Nessuno seriamente pensa che un default sia una possibilità concreta per l’Italia. Il nostro debito, seppure molto alto, è perfettamente sostenibile. Ma il problema è che cosa accadrebbe se si verificasse, come nel 2011, un attacco speculativo contro i Btp? Se il bilancio comune non fosse ancora in funzione, mentre le regole che rendono possibile un default sì, diverrebbe molto difficile arginare un attacco speculativo, e quindi il default stesso, con effetti pesantissimi sul nostro Paese, a cominciare dalle famiglie che vedrebbero svanire una parte importante della loro ricchezza finanziaria. Se invece la speculazione dovesse muoversi dopo la creazione di un bilancio comune, il fatto stesso che tale bilancio possa intervenire ed acquistare titoli italiani vanificherebbe l’attacco, il quale quindi neppure inizierebbe. Attenzione: disporre di un bilancio comune non elimina la necessità di ridurre gradualmente il nostro debito (in rapporto al Pil). Al di là del fatto che questo è un impegno che il Parlamento ha liberamente sottoscritto aderendo nel 2012 al Fiscal Compact (con 442 favorevoli, solo 3 contrari e 6 astenuti alla Camera) ridurre il debito è necessario affinchè nel lungo periodo esso sia sostenibile. Il bilancio comune serve solo ad evitare crisi che possono verificarsi anche se il debito è sostenibile, come accadde appunto nel 2011.

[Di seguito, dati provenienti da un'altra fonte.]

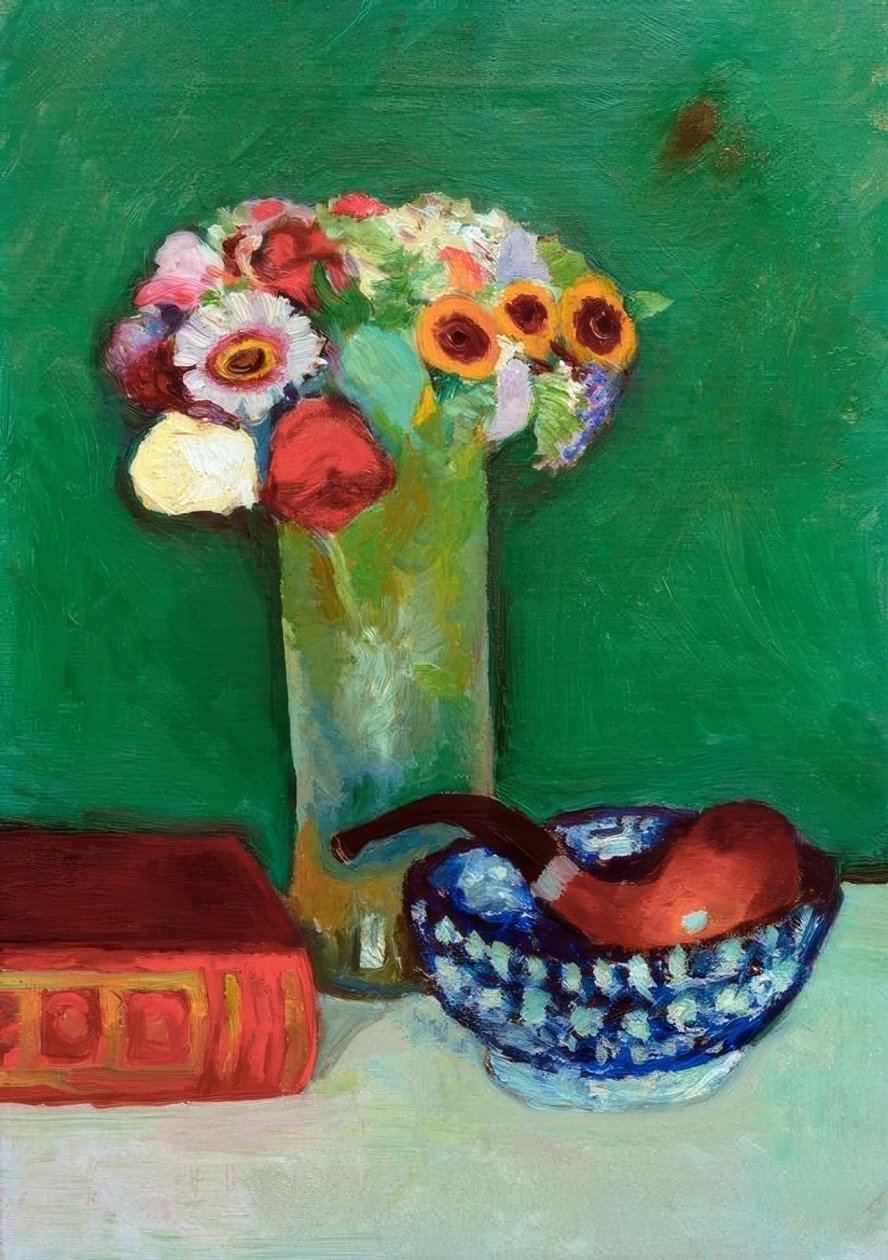 Stilleben med en buket blomster og en pibe i en blå skål af August Macke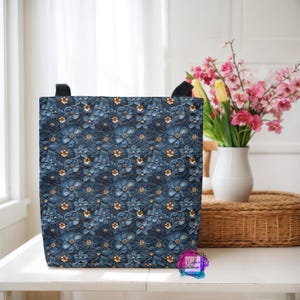 Faux Denim Flowers Tote Bag - Stylish Reusable Shoulder Bag, Eco-Friendly Market Tote, Floral Print Shopper Tote, Grocery Bag with Flower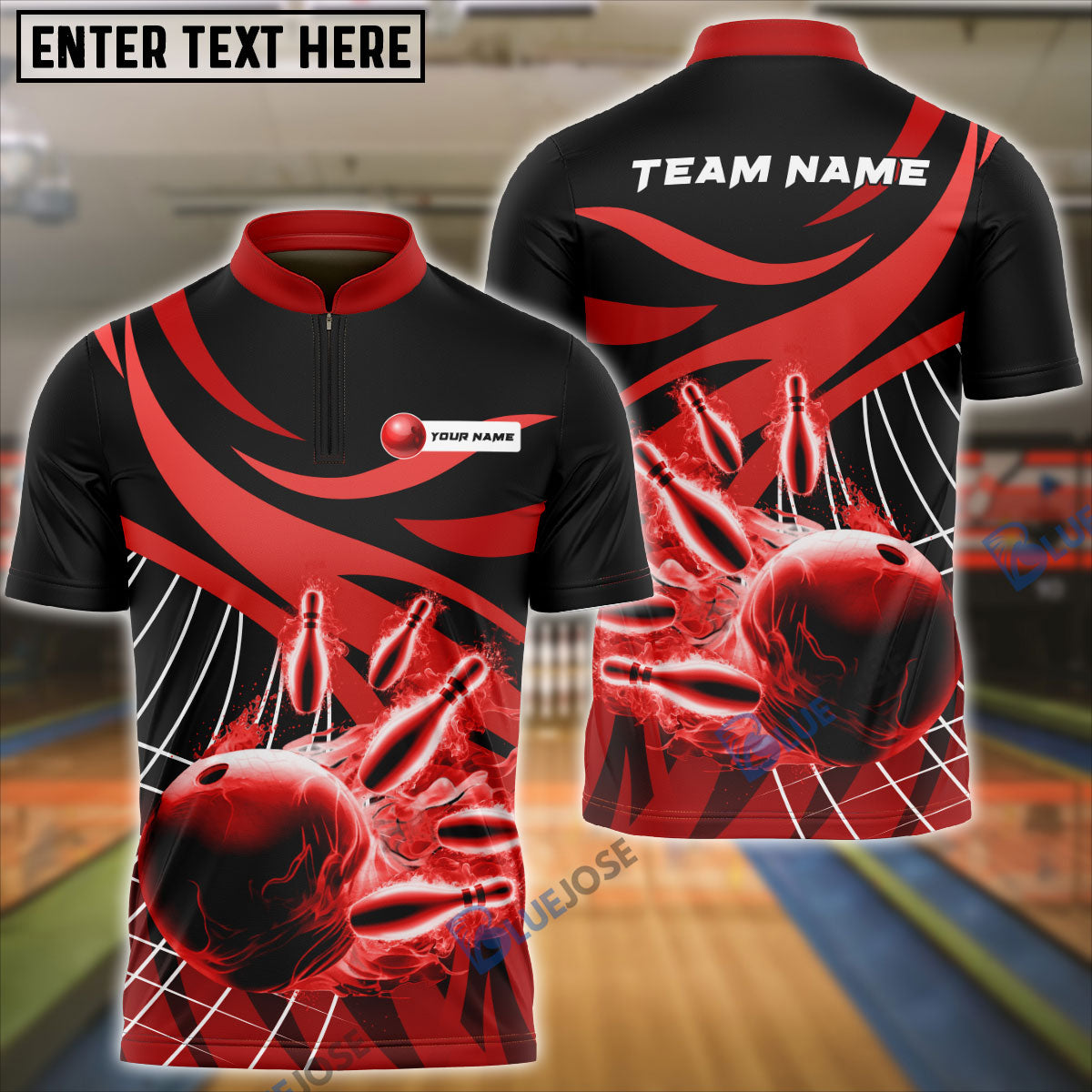 Frenzideas Bowling And Pins Broken Pattern Customized Name, Team Name 3D Shirt (4 Colors)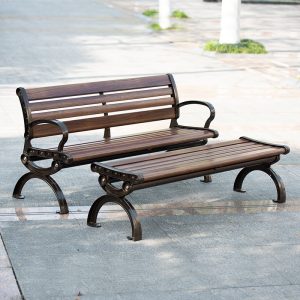 Ghế công viên Ngoài Trời Băng Sân Vườn Giải Trí Ngoài Trời Ghế Lưng Sát Trùng Gỗ Chắc Chắn Hợp Kim Kẽm Ghế Dài Nhôm Đúc Ngoài Trời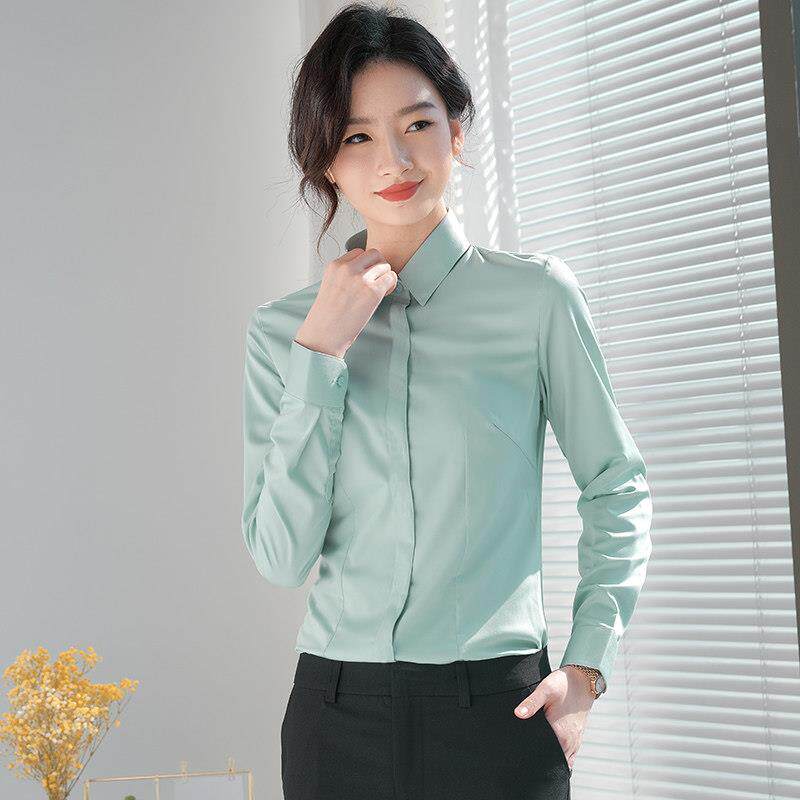 浅绿色衬衫女长袖春夏季薄款职业工作服修身显瘦弹力衬衣免烫抗皱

In conclusione l’Italia dovrebbe essere irremovibile sulla simultaneità fra interventi per limitare il rischio e nascita di un bilancio comune. E dovrebbe anche ottenere che eventuali limiti a quanti Btp una banca italiana può detenere vengano introdotti con grande gradualità.
Potremmo non essere soli in questo negoziato. Poiché anche la Francia, seppur meno di noi, nutre simili preoccupazioni, c’è la possibilità di guadagnarsi spazi nella trattativa. Inoltre, se non si possono mettere in discussione le regole approvate in passato, questo deve valere per tutte le regole. Anche per quelle (sempre disattese) che imporrebbero alla Germania di risparmiare di meno, ad esempio riducendo la tassazione dei salari o degli investimenti. Una scelta invece sarebbe per noi fatale. Accettare queste proposte a scatola chiusa, cioè senza negoziarne i tempi, in cambio di un po’ più di flessibilità nelle prossime Leggi di stabilità.
Lo scambio tra flessibilità sui conti pubblici oggi, e regole che si applicheranno solo in futuro, è un errore che abbiamo già fatto. Ad esempio non richiedendo un periodo transitorio all’applicazione delle regole del bail-in nei salvataggi bancari. La cessione di un po’ di sovranità per costruire un’Eurozona più solida è nell’interesse di tutti. Ma questo deve avvenire con consapevolezza e con regole che tutti debbono rispettare.